I still don’t understand why that language is so complex…
It’s an interesting one, jankees. It’s basically C with an Smalltalk-esque messaging/OO layer. The language itself is rather easy; I believe you’re balking at the conventions of the Cocoa framework (which, of course, are somewhat born out of the messaging syntax in Obj-C). Thing is, Cocoa is a very good example of literate programming: method signatures may be ridiculously long but you’re not supposed to type them in yourself (XCode either auto-completes for you, or, when implementing delegate/datasource methods, you copy the method signatures out of the documentation). The documentation is an *essential* part of the development process (compare to Python, for example, where you don’t need documentation, especially if you have the iPython shell, or to AS3 where you *do* need documentation and don’t have it!) :)
So, yes, it is a framework with verbose conventions but the whole system (IDE, documentation, etc. works really well together). I do enjoy developing with.
Hi Aral,
Thanks for the reply, I’m still more into AS3 at the moment, but maybe I should spend some more time on Cocoa. Do you have any good starting points? Where did you start?
Thanks,
Jankees
Is this trimmed string autoreleased? Or should I release it after using it?
[...] 截去字符串的前后空格符。参考。 [...]
Awesome. Thanks for publishing this, just what I needed.

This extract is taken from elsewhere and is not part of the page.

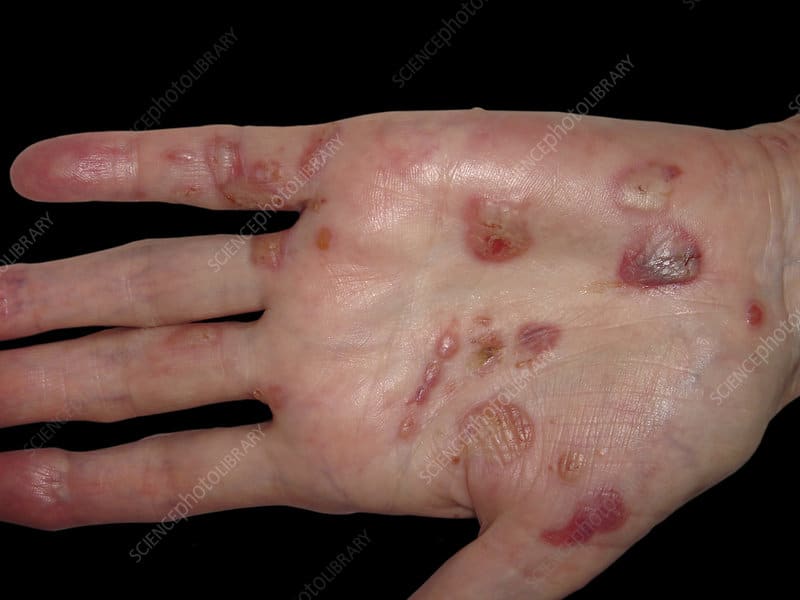 Pemphigus Vulgaris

thanks for this simple line… =)
Thanks, this helped me. But: What I think the commenter means by “complex” is:
Trim a string in Java:
ss = ss.trim();
Trim a string in Apple:
ss = [ss stringByTrimmingCharactersInSet:[NSCharacterSet whitespaceAndNewlineCharacterSet]];
Just venting. I’m from the Java world and can’t wait to go back. :)
It’s true that ss.trim() looks easier, but tell me, what, exactly, are you trimming? Is it just white space? I’m sure there are defaults for when nothing is specified, but at least in Obj-C/Cocoa, you know EXACTLY what’s going to happen.
I’m from the .NET world, and string trimming is an example of frustration for me, because it’s hard to figure out exactly what happens in each case. Not with Cocoa.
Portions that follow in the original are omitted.